Hi Davey;
Can't say for sure about the B-17, but the whole design "community" was going through a re-assessment of directional stability needs in multi-engine aircraft at that time. The original B-17, and contemporaries like the Do17 and some of the French twins had very small vertical surfaces, sized for minimum drag in normal cruise flight. Little or no thought was given to low speed, engine out, requirements. It took designers (and their customers) a while to realize that the safety advantage of multiple engines was usually negated by stall/spin accidents while trying to land with an engine out. These were generally power-on stalls in a turn at low altitude - never much fun. Old aviation joke from that time: on a twin, the second engine is there to get you to the accident site after the first one fails.
WARNING: optional math bit. The side force generated by a fin is directly proportional to fin area, and proportional to the square of airspeed. The need for side force is greatest when you are trying to balance one engine out.
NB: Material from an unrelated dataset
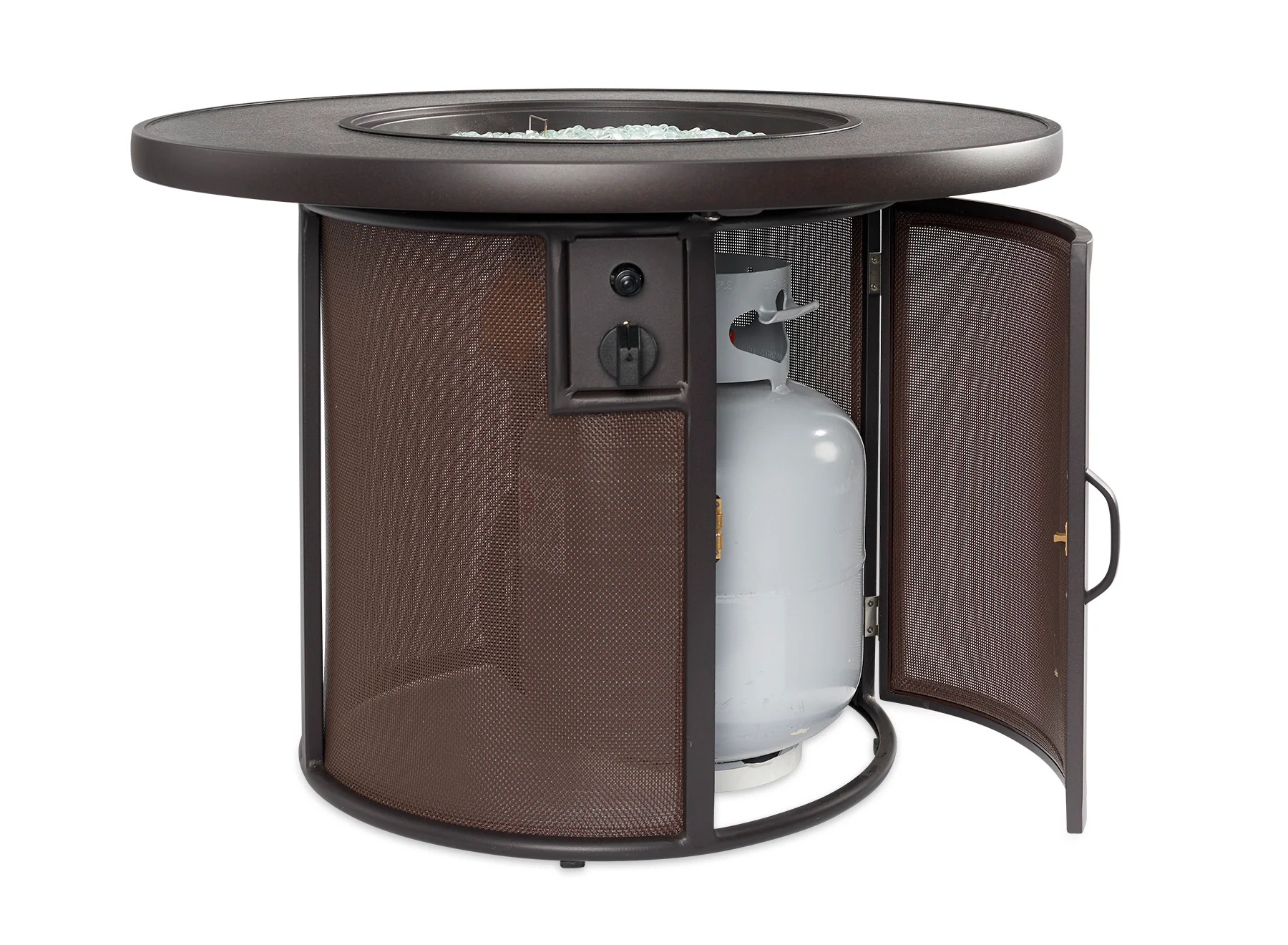 Outdoor GreatRoom Stonefire Fire Pit Table - Image 9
Lower speed to normal landing speeds, and the available side force quickly drops, until the pilot can't keep the nose straight. Up goes the drag, down goes the speed and you are in a vicious spiral - literally.
After a series of accidents like this, people started to investigate the causes, and came up with concepts like Vmc (minimum control speed with one engine out) - usually well above stall speed or even normal landing speed if the aircraft had a small vertical fin like the early B-17s. There were 2 ways to reduce these landing accidents: keep speed well up after an engine failed, which wasn't easy with airfield sizes back then, or grow a bigger fin so you could land at similar speeds to all-engines-on.
I suspect that when the need for a tail gun came up on the B-17s the designers realized it would be a major re-design of the tail cone and vertical fin, and took advantage of this to incorporate the larger fin area. There wasn't much change in rudder area, but the fixed fin grew considerably. Also, the large ventral fin prevented tail stall at high sideslip angles. Look at the leading edge extensions on something like an F-18. Same idea, just in a different direction.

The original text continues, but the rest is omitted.